Everest Summit Limestone

Most people I talk to about geology are aware that the Himalaya formed by the buckling and uplift of crust caught up in the India-Asia collision. But, I do see eyebrows raised when I tell them that the summits of some of the highest peaks are made up of marine sedimentary rocks.

The summit of Mount Everest is a fossil bearing limestone of Ordovician age. These deposits are part of a thick pile of sediments of Cambrian to Eocene age which accumulated on the continental shelf of India. They suffered only shallow burial (up to ~10  km) preceding and during continental collision. They are known formally as the Tethyan Sedimentary Sequence.

What happened to these sediments as they got caught up in Himalayan mountain building? A recent study published in Lithosphere has teased out the deformation and metamorphic history of this limestone.

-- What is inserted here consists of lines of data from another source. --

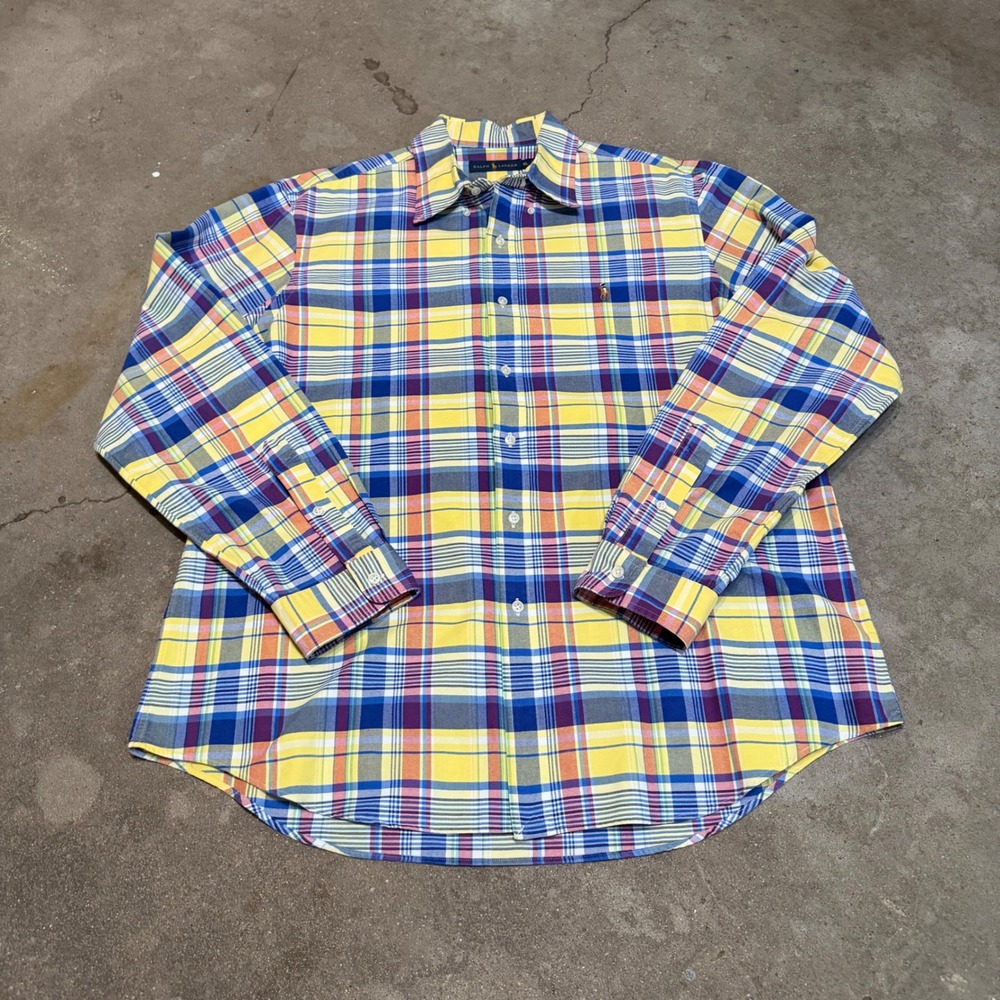 Ralph Lauren Button Down Shirt Mens XL Yellow Blue Plaid Long Sleeve Flesh Pony
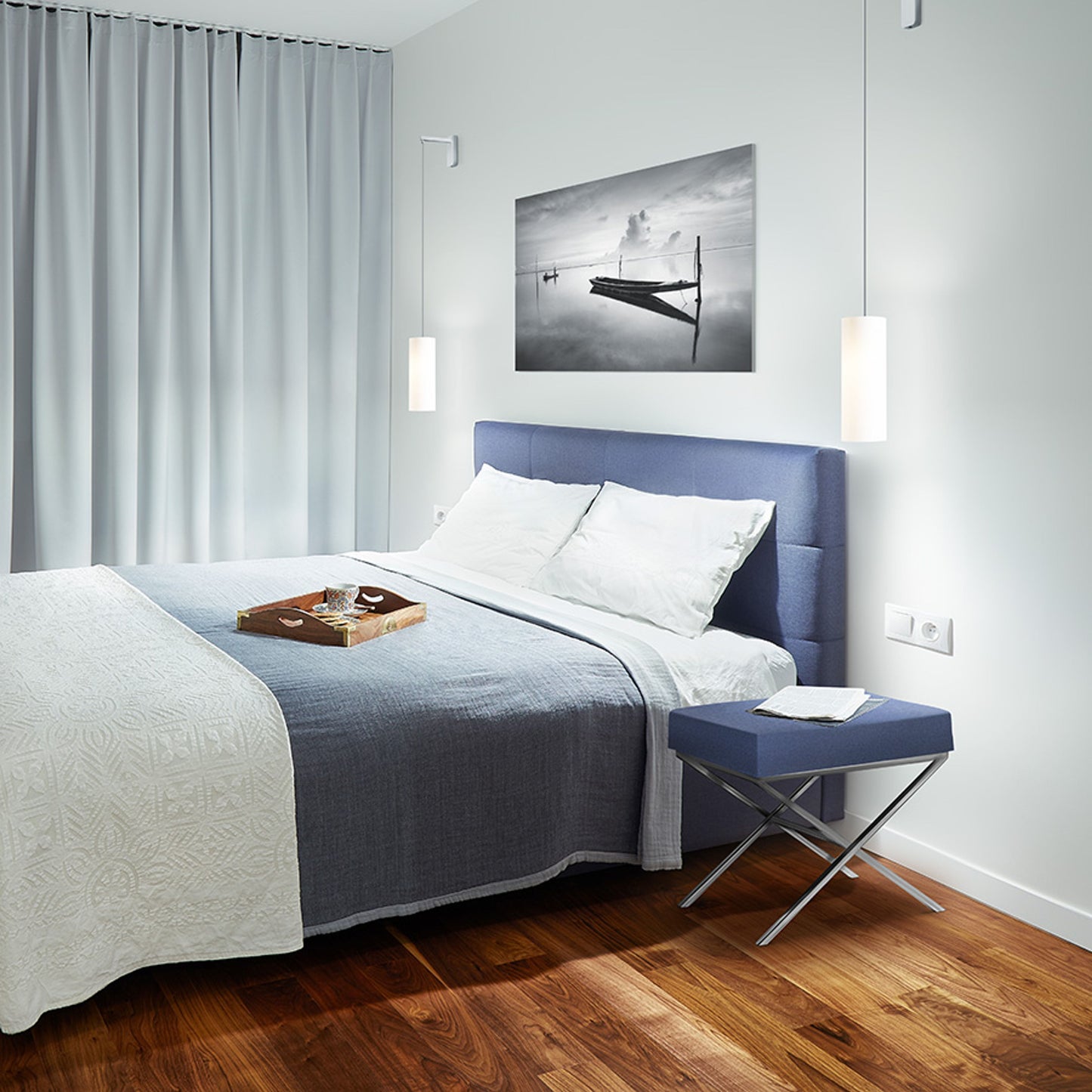 HUDSON | wandlamp met arm | textiel hanglamp, chroom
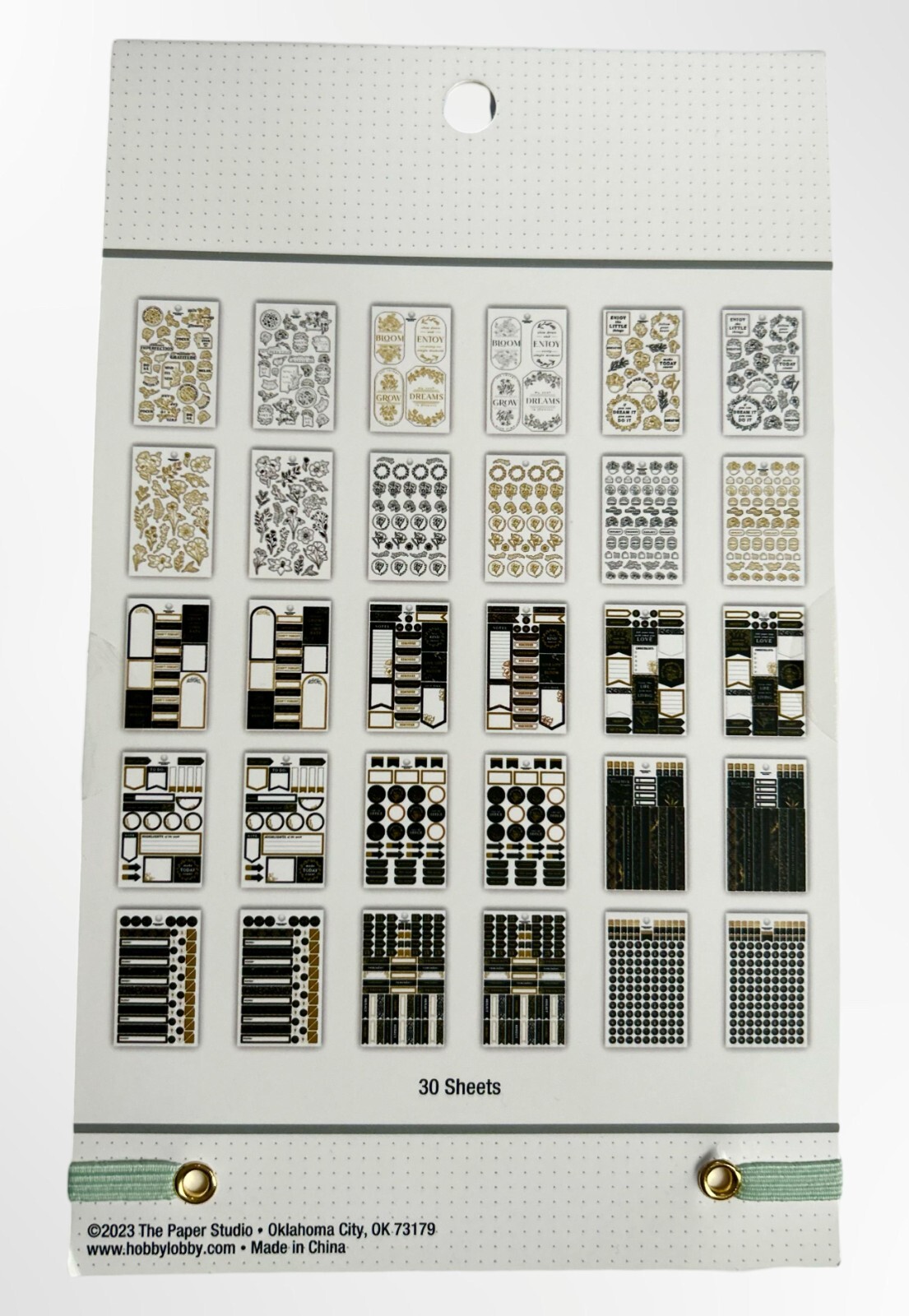 Agenda 52- Black & Gold Sticker Book, 30 Sheets- 1208 PCS
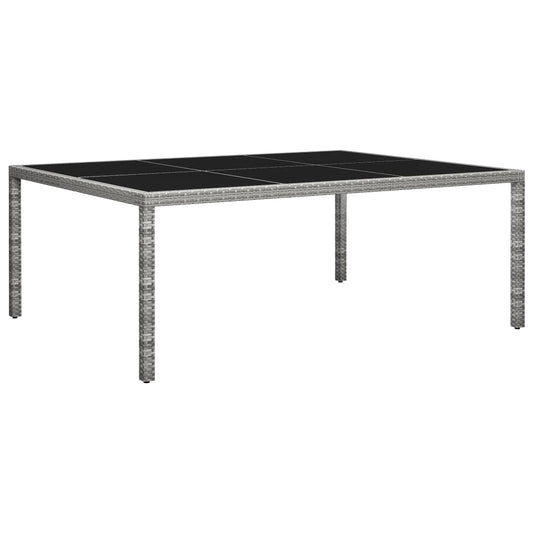 vidaXL Mesa de comedor de jardín ratán sintético gris 200x150x74 cm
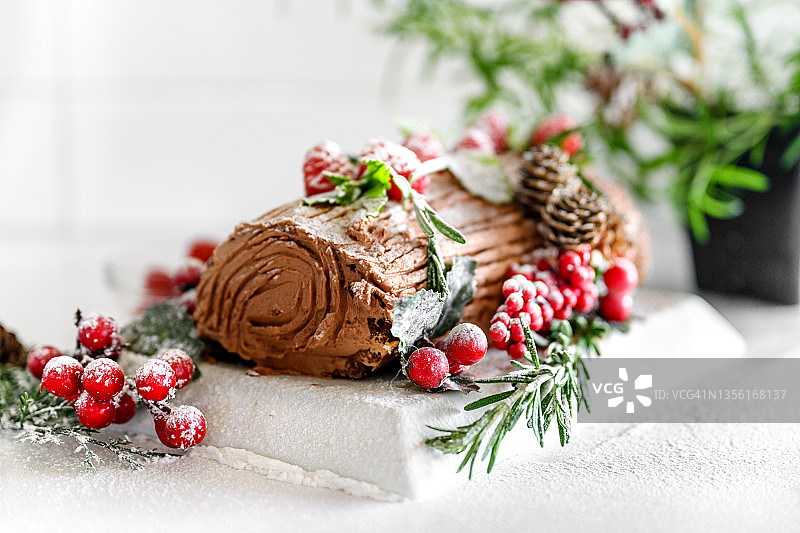 圣诞树桩蛋糕图片素材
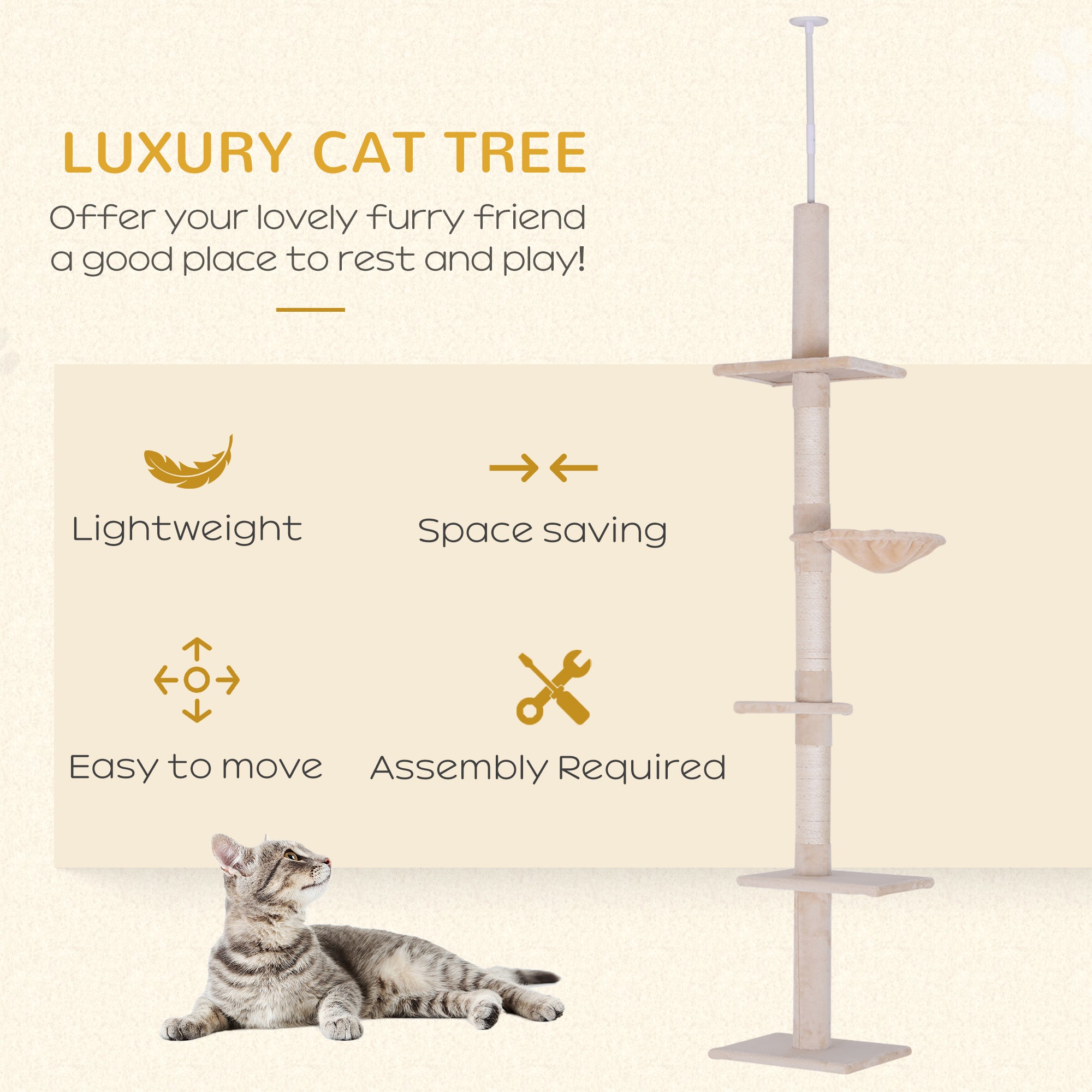 8.5ft Cat Climbing Tree 5-Tier Kitty Activity Center with Scratching Post Beige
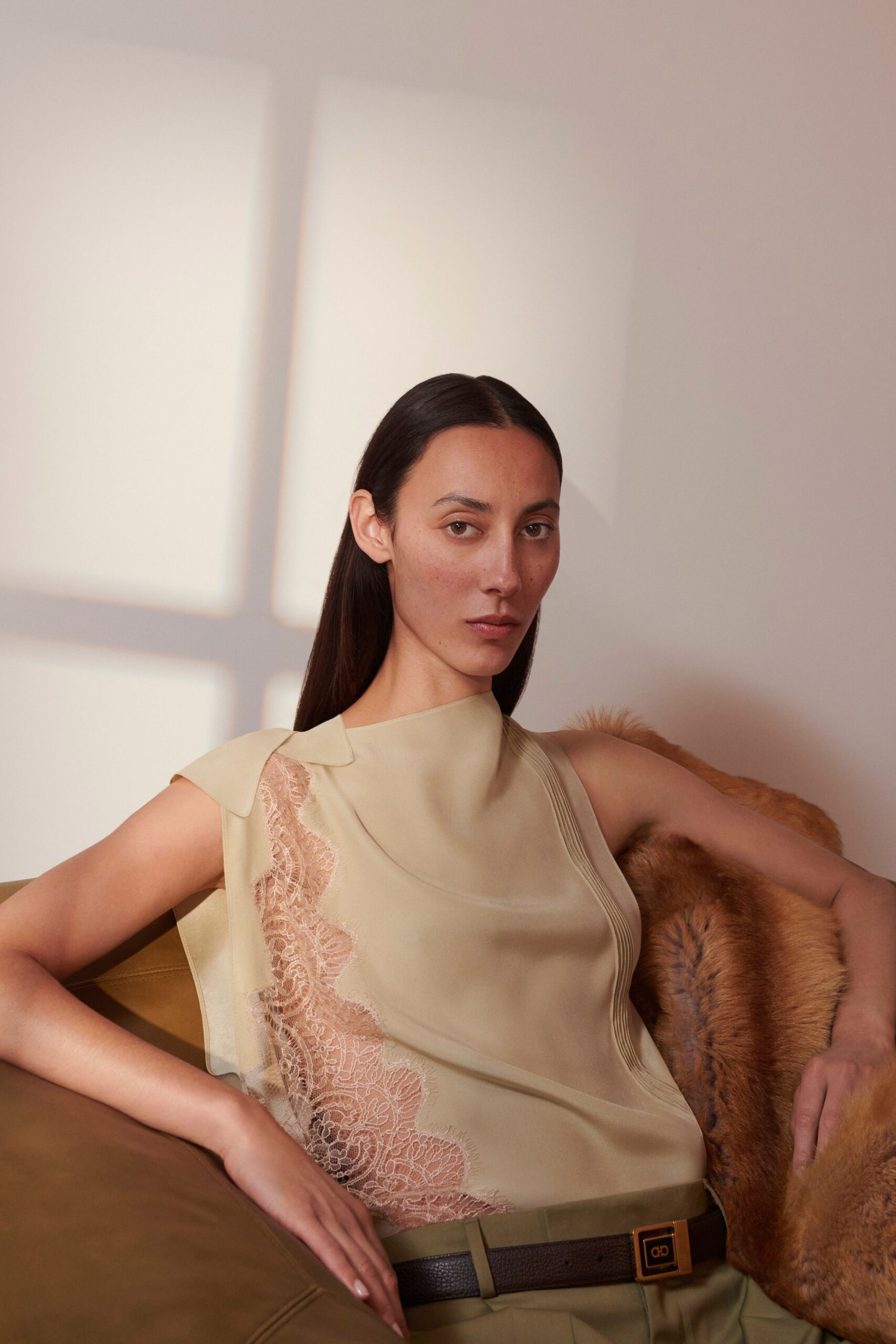 beige silk sleeveless high-neck fitted embroidered top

Polyphase deformation, dynamic metamorphism, and metasomatism of Mount Everest’s summit limestone, east central Himalaya, Nepal/Tibet - Travis L. Corthouts, David R. Lageson, and Colin A. Shaw

These scientists trained Nepalese Sherpa climbers to recover samples from the Everest summit. The location of the samples and the basic geological divisions of the summit is seen in the annotated photograph posted below


 Source: Travis L. Corthouts, David R. Lageson, and Colin A. Shaw 2018

The Everest region is made up of high grade metamorphic rocks of the Greater Himalayan Sequence. They are rocks of the Indian continental shelf of Late Proterozoic (~1000 million years old) to Ordovician (450 million years old) age which were buried to greater depths (up to 20-25 km) during continental collision. These rocks are intruded by leucogranite ( a light colored granite) dikes and sills.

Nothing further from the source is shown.